The 2019 bill that set up the framework for sports betting allocated $130,000 annually to the Office of Behavioral Health in the Department of Human Services for things like a crisis hotline and certified gambling addiction counselors. That’s less than half of what Whyte said he considers a minimum investment in gambling addiction services. He said states should invest at least 1% of the money they make off gambling into treatment.
The council ranked Colorado 37th in the nation for state investments into programs for treating problem gambling in 2016, but Whyte noted that the bottom 10 states didn’t invest anything at all.
Off-track betting and racetracks
One of the biggest debates on the sports betting bill was whether to let companies who operate outside of the three mountain towns where gambling is legal to apply for licenses.
“To not include the off-track betting facilities is just a slap in our face,” said OTB owner Dan Kelliher during a committee hearing at the Capitol. “It’s very disrespectful, honestly, for being the small business owners that we are.”

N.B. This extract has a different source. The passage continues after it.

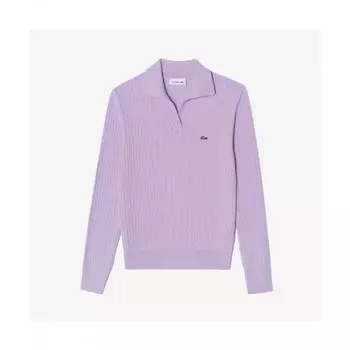 LacoSte Women S Cable Open Collar Sweater [light Purple] 034
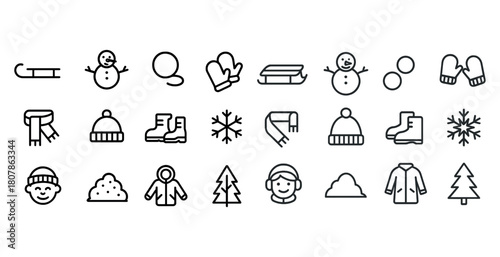 Winter icons set with snowman sled mittens scarf hat boots and snowflakes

His customers will be in his business, taking advantage of his amenities, while placing bets with some other company on their phones, Kelliher said.
Colorado voters, however, have consistently said they want gambling confined to the towns of Black Hawk, Central City and Cripple Creek. An amendment proposed in 2014 to expand gambling to certain racetracks failed with a whopping 70 percent of voters against it.
NFL Commissioner Roger Goodell issued a statement when the ruling came down from the Supreme Court, which included some recommendations for states wanting to set up their own sportsbooks.
One of those suggestions was requiring companies to use official league data for all in-game bets.
That recommendation was reiterated during testimony on the bill here in Colorado by Marquest Meeks, an attorney for the Office of the Commissioner of Major League Baseball.
Meeks, who said he was supported by “a coalition of all the professional teams here in Colorado,” told Garnett and Neville that the reason to use league data for sports betting is it’s the most accurate, reliable and consistent information about what’s happening in any given game.
That didn’t end up in the final bill.
Neville said he’s open to revisiting the idea, but he didn’t see a compelling reason to give major league sports a “total monopoly.”
The Denver Post asked the Rockies, Nuggets and Avalanche whether they support Proposition DD, but none of them responded. The Broncos deferred to the NFL statement on sports betting that asked states to use league data.